== What you need to do ==
Leaving out every picture, transcribe the lines from the line that contains "14 PIECES AVON CAPE COD RUBY RED" to the end of the entries below, both ends included.

== Source records ==
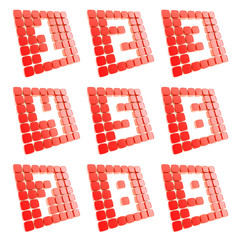 Number symbol plates made of red cubes isolated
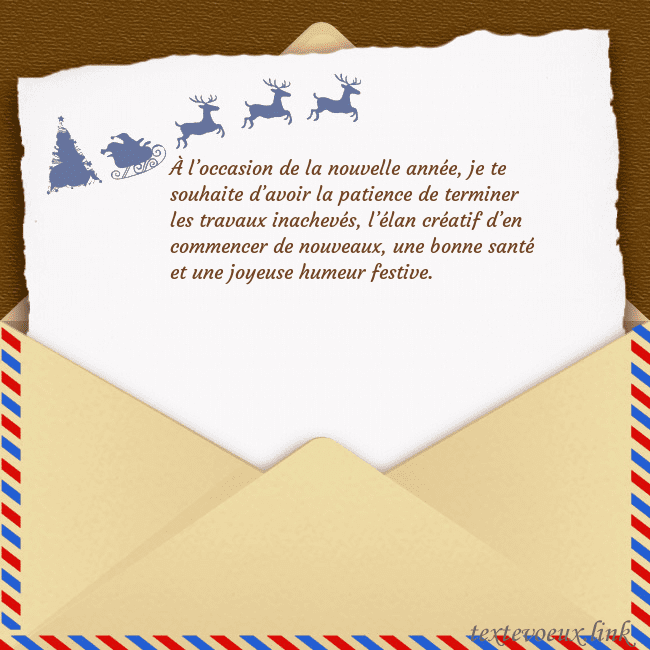 Carte postale avec enveloppe et cerf À l’occasion de la nouvelle année, je te souhaite Carte postale avec enveloppe et cerf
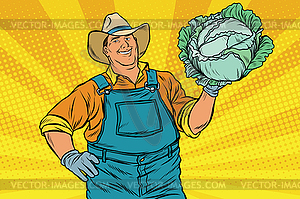 Rural retro farmer and head of green cabbage - vector clip art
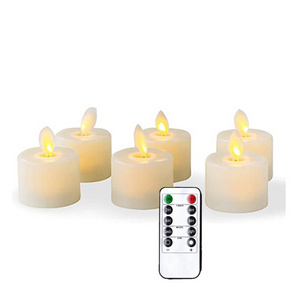 hot sale Battery operated moving wick flameless plastic LED tealight candle with remote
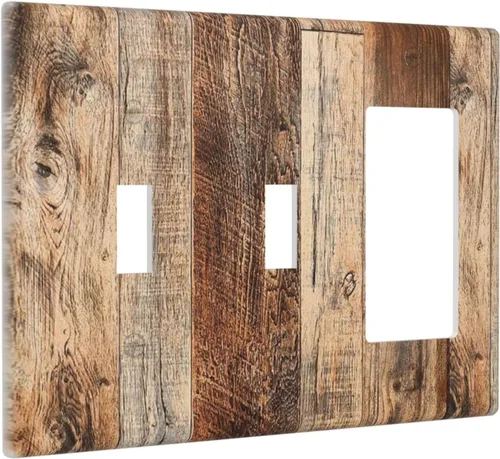 Miniatura 173 de Placa Decorativa de Pared Beige Boho de Mediados de Siglo Sol Abstracto 1-Gang Retro Años 70 Arte Geométrico Moderno con Arco Eléctrico Interruptor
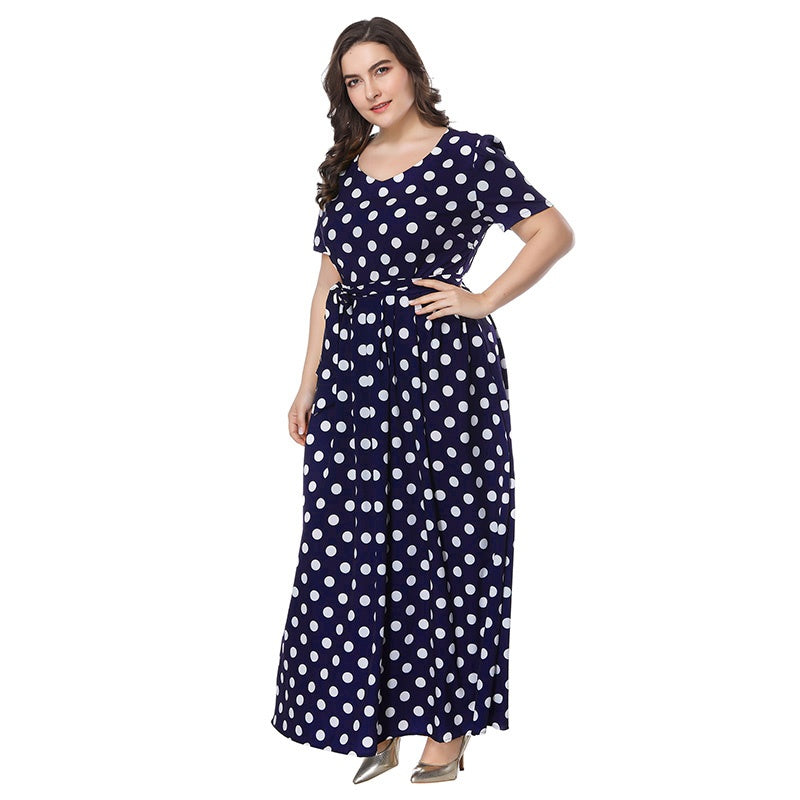 Plus size women's polka dot dress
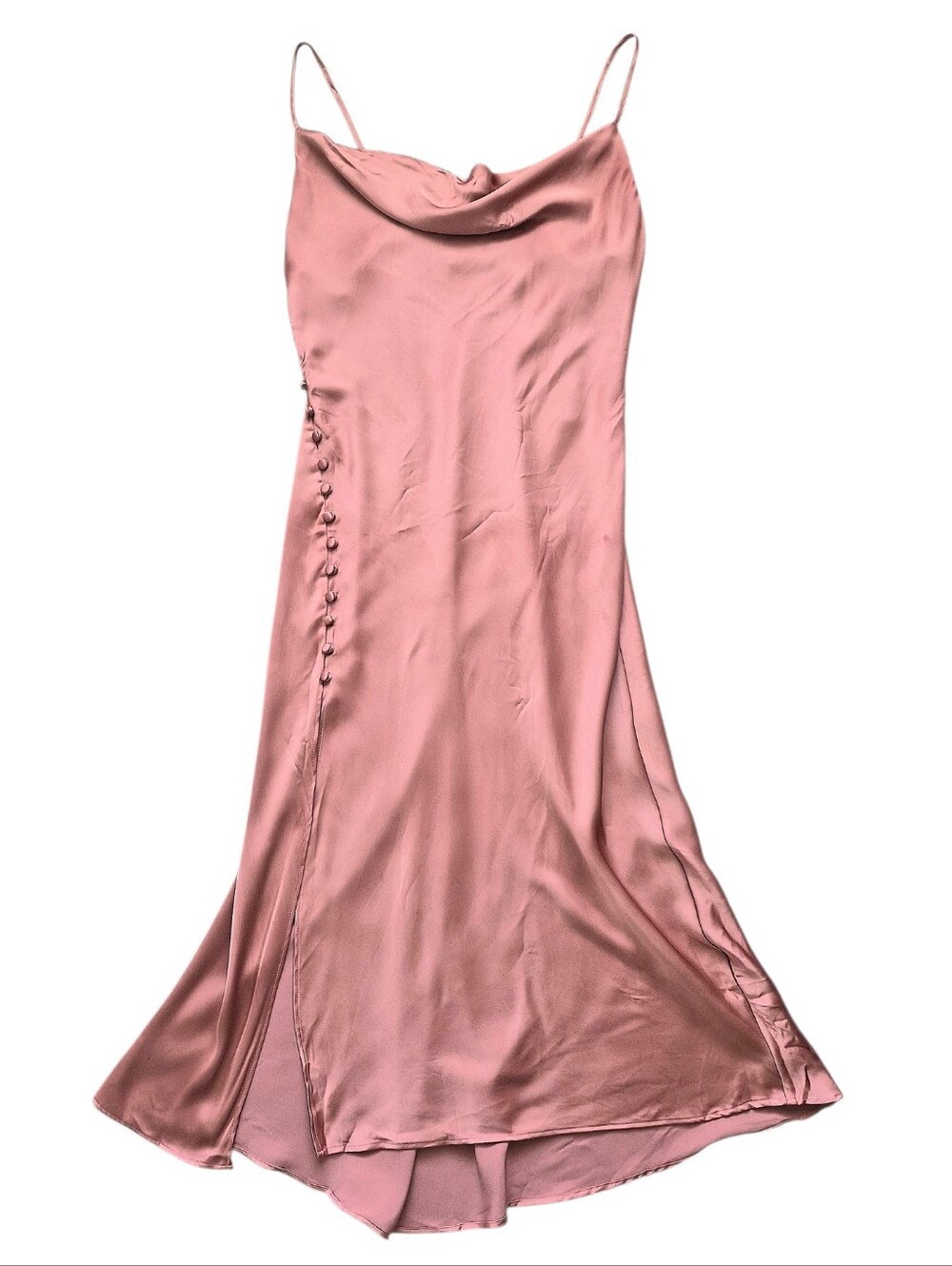 Zara Pink Satin Slip Midi Dress L Cowl Neck Button Slit Cocktail Wedding Guest - Picture 14 of 15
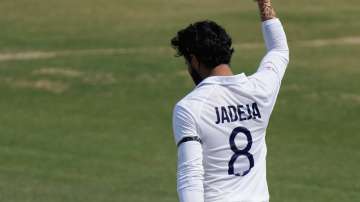 India's Ravindra Jadeja celebrates after scoring a century during the second day of the first test m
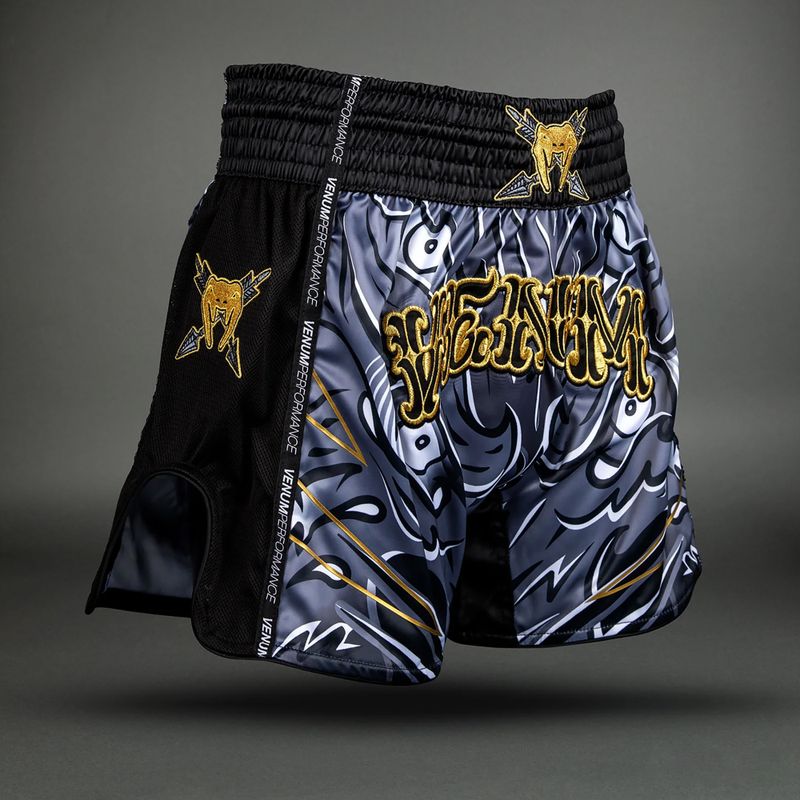 Vyriški treniruočių šortai Venum Wolf Attack Muay Thai Shorts black/grey 3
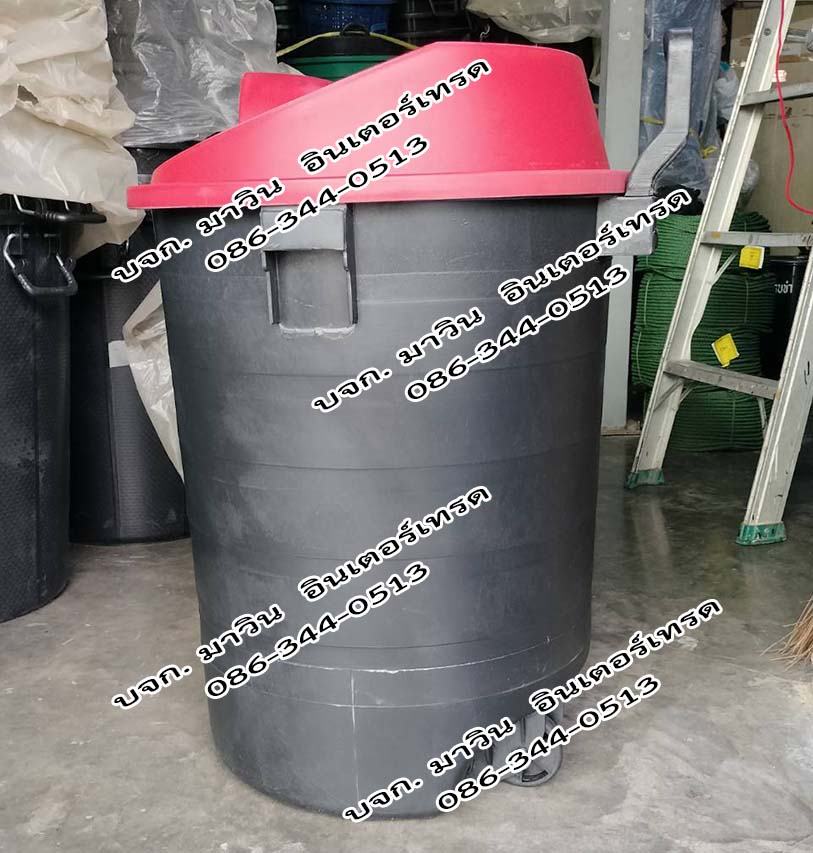 ถังขยะพลาสติกทรงกลม มีล้อเลื่อน ฝา1ช่องทิ้ง ขนาด 120 ลิตร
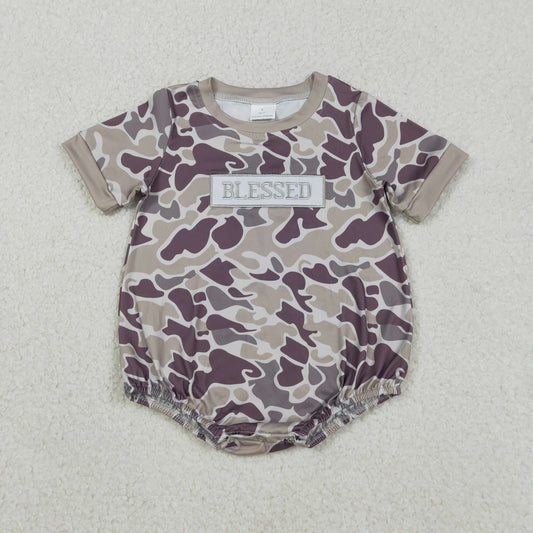 SR3263 Embroidery Baby Boys Blessed Dark Grey Camo Southern Romper C12.4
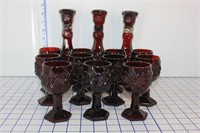 14 PIECES AVON CAPE COD RUBY RED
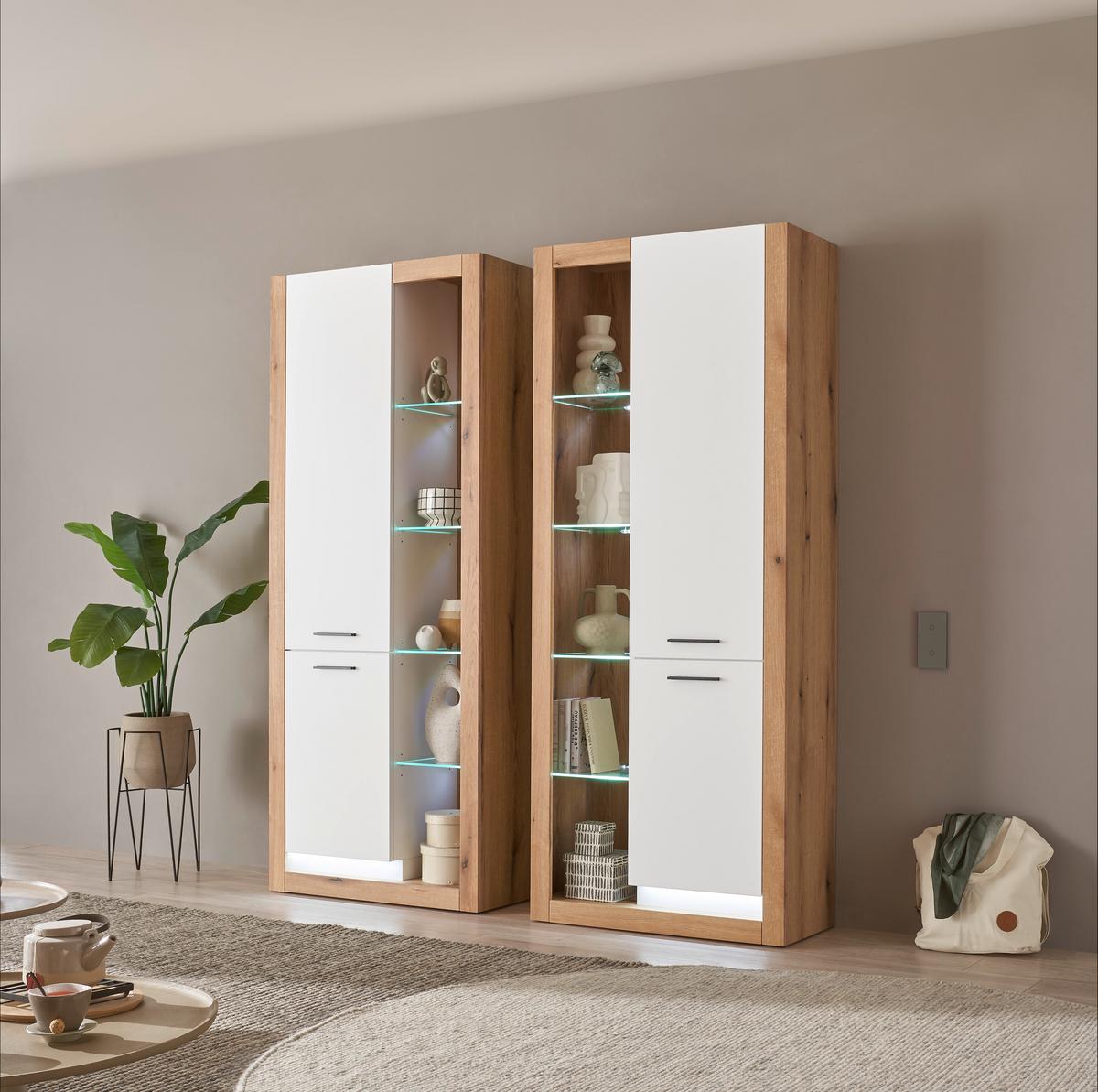 WOHNWAND BRIXEN - Eichefarben/Schwarz, Design, Glas/Holzwerkstoff (180/195/37cm) - MID.YOU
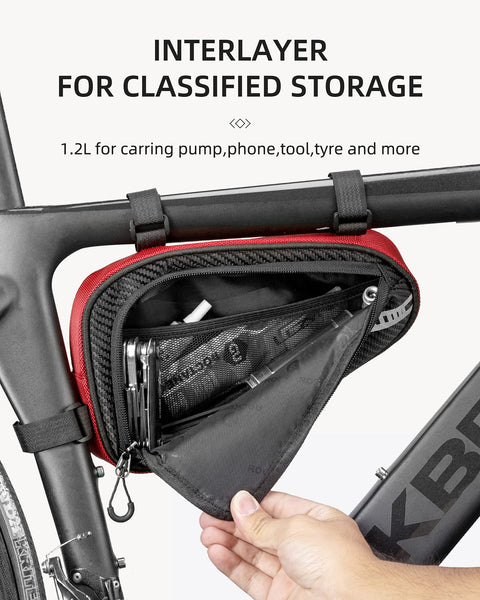 ROCKBROS Bike Bag Bicycle Frame Bag Bike Triangle Storage Bag Bike Accessories Pouch Cycling Pack for MTB Road Bicycle Accessories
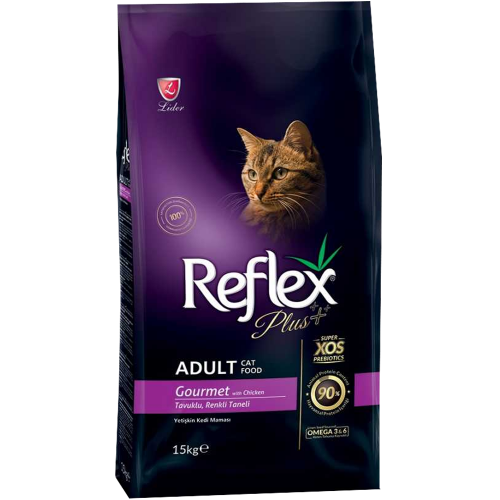 Reflex Plus Gourmet Renkli Taneli Tavuklu Yetişkin Kedi Maması 15 KG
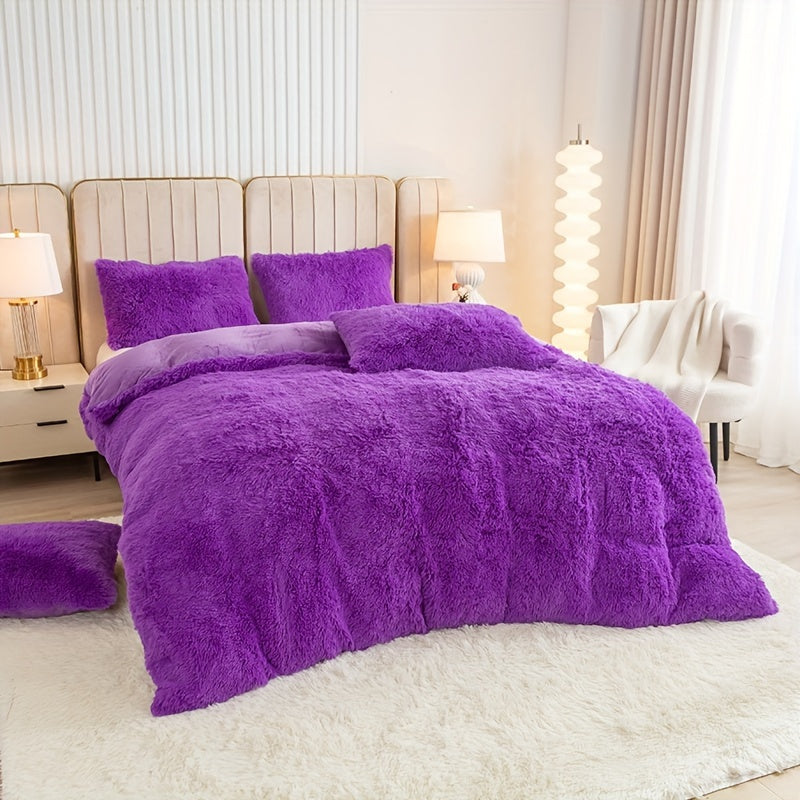Cozy Fesara Plush Duvet Cover Set with Zipper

== Solution to this exercise ==
 14 PIECES AVON CAPE COD RUBY RED
 WOHNWAND BRIXEN - Eichefarben/Schwarz, Design, Glas/Holzwerkstoff (180/195/37cm) - MID.YOU
 ROCKBROS Bike Bag Bicycle Frame Bag Bike Triangle Storage Bag Bike Accessories Pouch Cycling Pack for MTB Road Bicycle Accessories
 Reflex Plus Gourmet Renkli Taneli Tavuklu Yetişkin Kedi Maması 15 KG
Cozy Fesara Plush Duvet Cover Set with Zipper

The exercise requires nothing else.